Senin 01 Aug 2016 10:36 WIB

Mengenang Budaya Cina dari Napak Tilas Laksmana Cheng Ho

Laksamana Cheng Ho atau Zheng He (ilustrasi).
Foto: Edjbrown.com
Laksamana Cheng Ho atau Zheng He (ilustrasi).

REPUBLIKA.CO.ID, SEMARANG – Rangkaian tradisi perayaan 611 tahun Admiral Zheng He, atau lebih popular dengan sebutan Laksamana Cheng Ho kali ini lebih seru, lebih heboh. Diawali dengan diskusi “Fasilitasi Pengembangan Wisata Sejarah dan Religi, Cheng Ho dan Warisan Budaya” di Hotel MG Suit, Jalan Gajah Mada, Semarang. Diskusi itu ibarat menjadi reminder bagi publik akan sejarah dan pengaruh panjang budaya Cina yang terasa sampai sekarang.

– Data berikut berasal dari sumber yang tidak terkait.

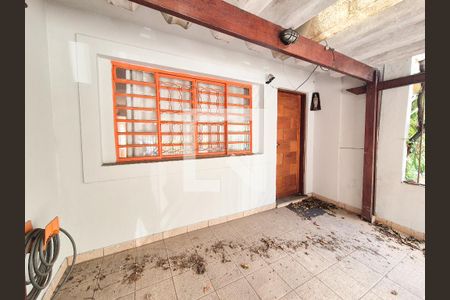 Garagem de casa à venda com 2 quartos, 120m² em Vila Olímpia, São Paulo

Staf Ahli Bidang Multikultur Kementerian Pariwisata, Hary Untoro Drajad membuka diskusi yang diikuti para budayawan, sejarawan, pelaku usaha, industri, akademisi dan unsur pemerintah itu menyebut, konteks lebih penting dari kontens. “Memahami sejarah Cheng Ho itu harus kontekstual. Harus penuh pemaknaan, menengok masa lalu, melihat fakta saat ini, dan memproyeksi masa depan. Bukan hanya text book dan literasi saja,” kata Hary Untoro.

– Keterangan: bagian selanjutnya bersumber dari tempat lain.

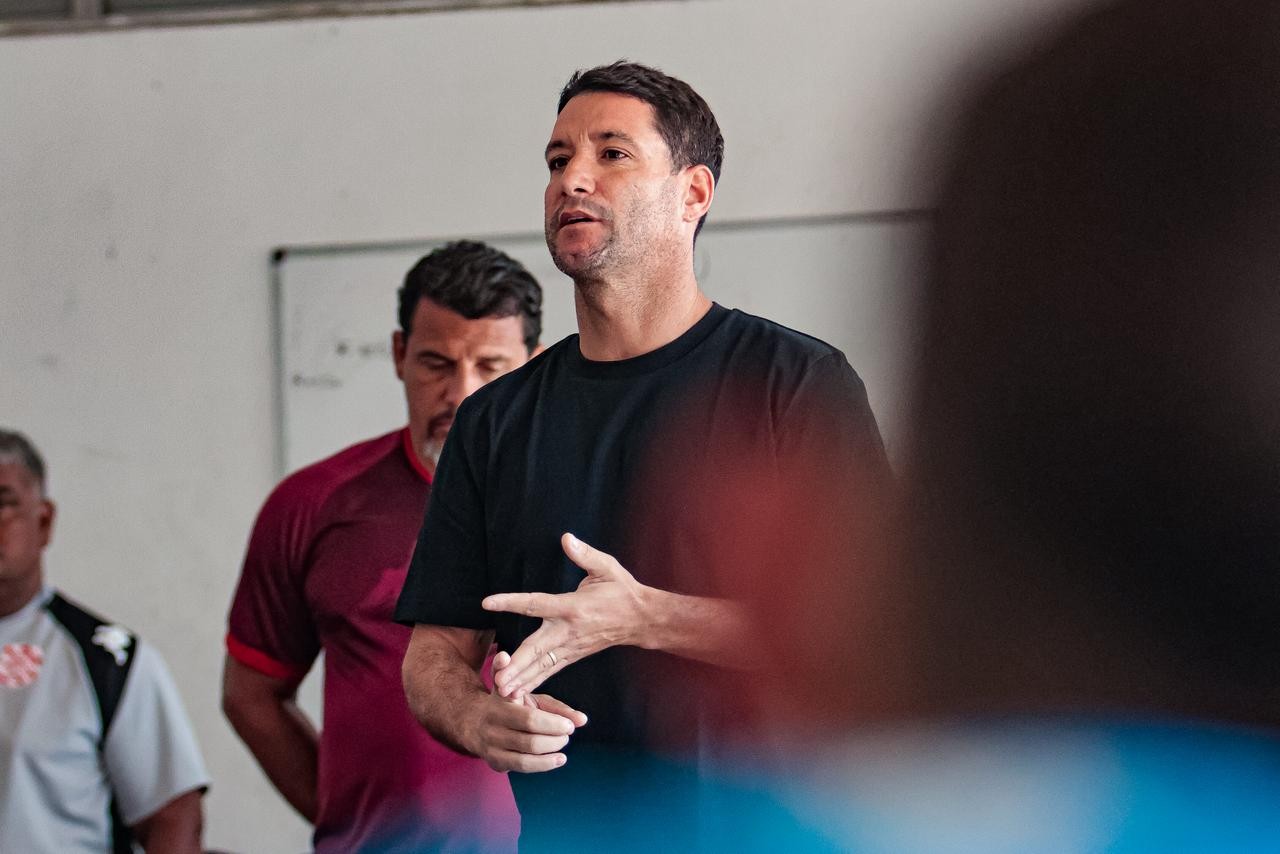 Bangu contrata Thiago Neves para técnico do sub-20, e estreia será contra o Fluminense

Menteri Pariwisata Arief Yahya mengistilahkan cultural value dan commercial atau financial value. Sejarah yang dipelajari sebagai ilmu, silakan saja, menjadi science dan cultural value. Tetapi di pariwisata, sejarah bisa dikemas menjadi atraksi Pariwisata yang menarik setelah digabungkan dengan artefak, bukti peninggalan zaman purbakala, dan legenda atau cerita rakyat yang sudah dipercaya dari mulut ke mulut.

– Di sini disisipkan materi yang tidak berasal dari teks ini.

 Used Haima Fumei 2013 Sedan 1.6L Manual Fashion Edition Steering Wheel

Sejarah bisa dikemas dalam story line yang membuat orang terpikat untuk datang, karena kekuatan cerita. Cerita yang berbasis sejarah, baik itu fiksi maupun non fiksi, bisa menjadi atraksi pariwisata yang khas. Menjadikan sejarah masa lalu dengan segala peninggalan yang masih tersisa, itu punya sensasi yang kuat. “Itulah jawaban mengapa banyak museum di Eropa yang ramai dikunjungi orang. Cerita soal Manneken Pis di Brussels, patung bocah kecil setinggi 61 cm di perempatan jalan di Belgia itu kaya cerita dan membuat orang tertarik datang melihat sendiri patungnya,” kata Menpar Arief Yahya.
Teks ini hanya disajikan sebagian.